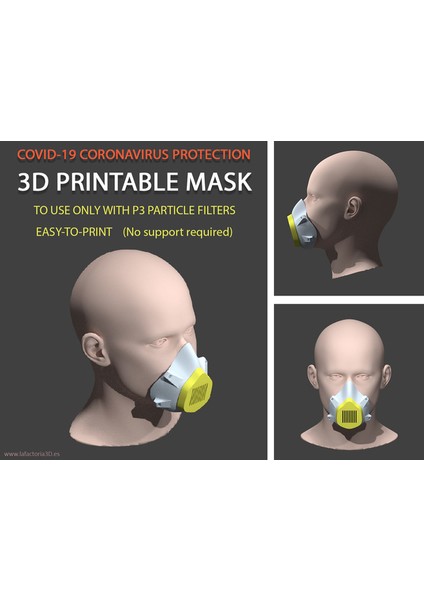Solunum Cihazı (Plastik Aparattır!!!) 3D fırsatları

..........

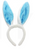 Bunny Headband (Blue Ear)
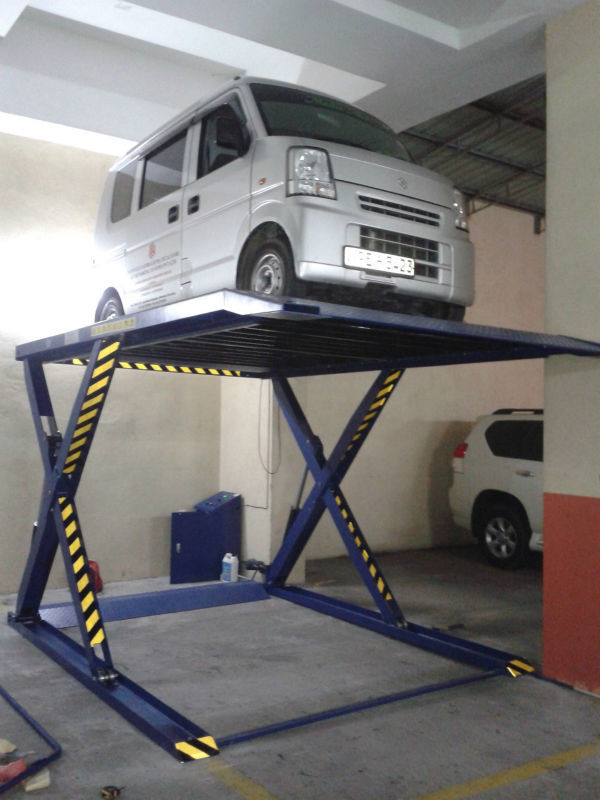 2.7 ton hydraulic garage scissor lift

..........

> _Task description_
Everything above from the line containing "Bunny Headband (Blue Ear)" down to the line containing "2.7 ton hydraulic garage scissor lift" is to be duplicated exactly, both lines included, and the pictures are to be omitted.

> _Solution for this exercise_
 Bunny Headband (Blue Ear)
 2.7 ton hydraulic garage scissor lift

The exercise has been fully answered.